For the decomposition of 1 mol of $\text{N}{{\text{H}}_{\text{3}}}\left( \text{g} \right)$ into ${{\text{N}}_{2}}\left( \text{g} \right)$ and ${{\text{H}}_{2}}\left( \text{g} \right)$, $\text{K=2 }\!\!\times\!\!\text{ 1}{{\text{0}}^{\text{-3}}}\text{M}$. If the equilibrium concentration of ${{\text{N}}_{2}}\left( \text{g} \right)$ is $\text{0}\text{.09M}$ and ${{\text{H}}_{2}}\left( \text{g} \right)$ is $\text{0}\text{.04M}$, then the equilibrium concentration of $\text{N}{{\text{H}}_{\text{3}}}\left( \text{g} \right)$ is:
(A)- $\text{1}\text{.2M}$
(B)- $\text{2}\text{.88 }\!\!\times\!\!\text{ 1}{{\text{0}}^{\text{-3}}}\text{M}$
(C)- $\text{5}\text{.36 }\!\!\times\!\!\text{ 1}{{\text{0}}^{\text{-2}}}\text{M}$
(D)- None of these

Answer 1

Hint: Equilibrium constant of any reaction is defined as the ratio of the equilibrium concentration of the formed products in the chemical reaction to the equilibrium concentration of reactants present in the chemical reaction.

Complete step by step solution:
First we write balanced chemical equation for the given reaction:
\[\text{2N}{{\text{H}}_{\text{3}}}\to {{\text{N}}_{\text{2}}}\text{+3}{{\text{H}}_{\text{2}}}\]
Given that, Equilibrium concentration of nitrogen gas i.e. ${{\text{N}}_{2}}\left( \text{g} \right)$ = $\text{0}\text{.09M}$,
Equilibrium concentration of hydrogen gas i.e. ${{\text{H}}_{2}}\left( \text{g} \right)$ = $\text{0}\text{.04M}$,
Equilibrium constant of given reaction $\text{K=2 }\!\!\times\!\!\text{ 1}{{\text{0}}^{\text{-3}}}\text{M}$.
We know that equilibrium constant for given reaction will be calculated as follow:
\[\text{K=}\dfrac{\left[ {{\text{N}}_{\text{2}}} \right]{{\left[ {{\text{H}}_{\text{2}}} \right]}^{\text{3}}}}{{{\left[ \text{N}{{\text{H}}_{\text{3}}} \right]}^{\text{2}}}}\]
On putting the values of equilibrium concentration of nitrogen gas, hydrogen gas & equilibrium constant in the above equation we get,
\[\text{2}\times \text{1}{{\text{0}}^{-3}}\text{=}\dfrac{\left[ 0.09 \right]{{\left[ 0.04 \right]}^{\text{3}}}}{{{\left[ \text{N}{{\text{H}}_{\text{3}}} \right]}^{\text{2}}}}\]
\[{{\left[ \text{N}{{\text{H}}_{\text{3}}} \right]}^{\text{2}}}=\dfrac{\left[ 0.09 \right]{{\left[ 0.04 \right]}^{\text{3}}}}{\text{2}\times \text{1}{{\text{0}}^{-3}}}\]
\[{{\left[ \text{N}{{\text{H}}_{\text{3}}} \right]}^{\text{2}}}=2.8\times {{10}^{-3}}\]
\[\left[ \text{N}{{\text{H}}_{\text{3}}} \right]=\sqrt{2.8\times {{10}^{-3}}}=1.6\times {{10}^{-3}}\]
From the above discussion it is clear that the equilibrium concentration of $\text{N}{{\text{H}}_{\text{3}}}\left( \text{g} \right)$ is $\text{1}\text{.6 }\!\!\times\!\!\text{ 1}{{\text{0}}^{\text{-3}}}\text{M}$.

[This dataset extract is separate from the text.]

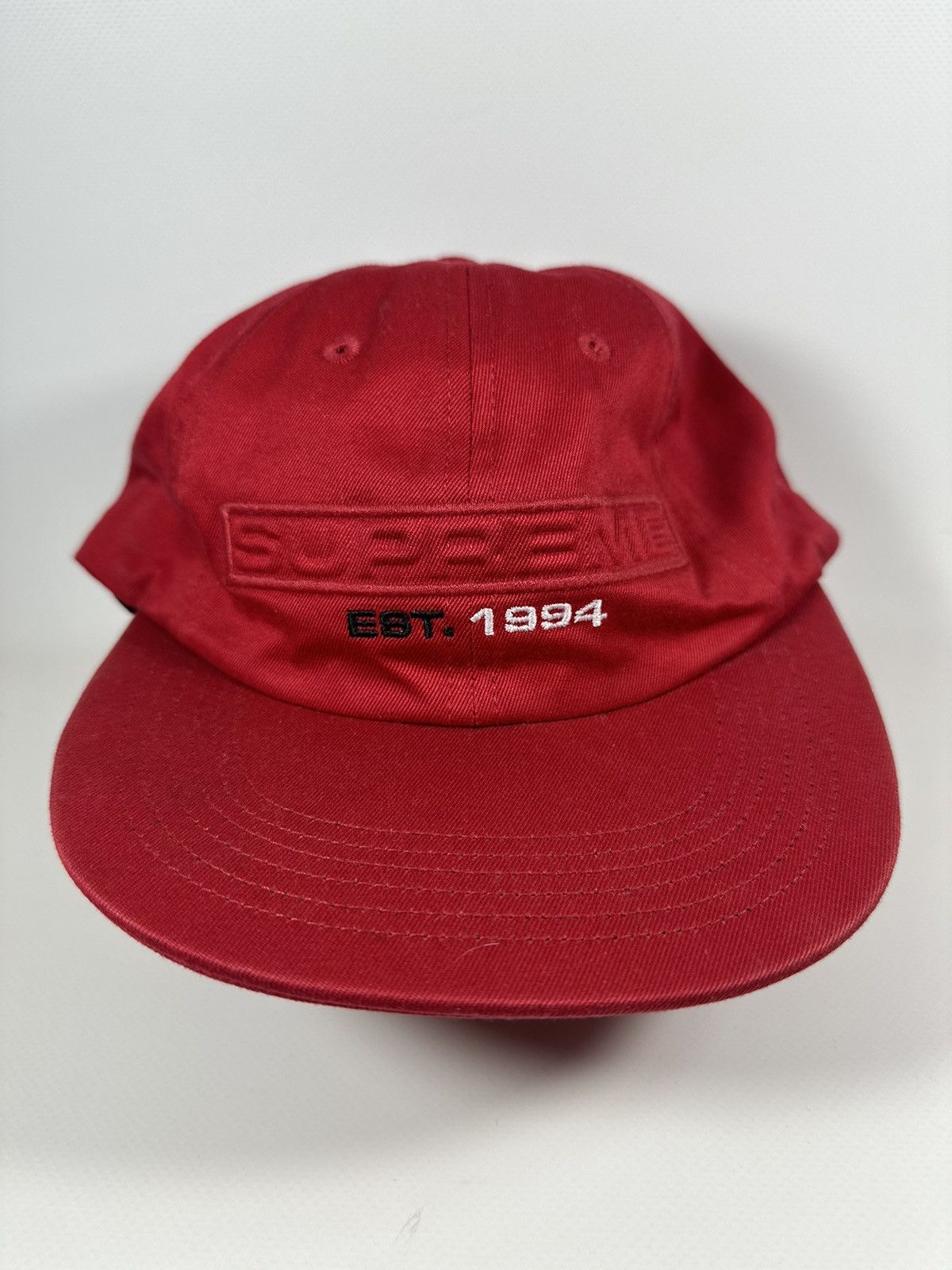 Supreme Supreme Embossed Logo 6 Panel Red 1994 est. Hat SS18 Size ONE SIZE - 3 Thumbnail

Hence, the option (D) is correct because none of the above-given options matches the answer.

Additional information: Equilibrium constant of any chemical reaction defines the amount of prepared product & reactant in the equilibrium condition of a reversible reaction, where the rate of forwarding reaction is equal to the rate of backward reaction.
Note: Always keep in mind that during the calculation of equilibrium constant of any reaction first, you have to balance the given chemical reaction, because if you do not do so then you will get the wrong answer.